What you will do ▸
Could you reproduce, word for word, everything below from the line containing "Teko SemiBold" down to the line containing "An Essential Guide", with both of those lines included and no others?

Given records Block Start

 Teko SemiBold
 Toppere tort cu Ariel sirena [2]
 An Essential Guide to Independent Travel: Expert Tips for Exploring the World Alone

Given records Block End
Given records Block Start

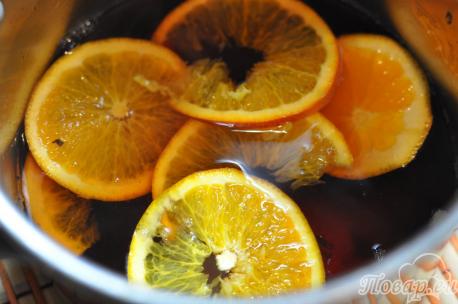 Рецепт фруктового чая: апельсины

Given records Block End
Given records Block Start

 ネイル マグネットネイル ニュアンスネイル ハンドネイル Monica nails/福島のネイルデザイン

Given records Block End

Exercise response ▸
 Teko SemiBold
 Toppere tort cu Ariel sirena [2]
 An Essential Guide to Independent Travel: Expert Tips for Exploring the World Alone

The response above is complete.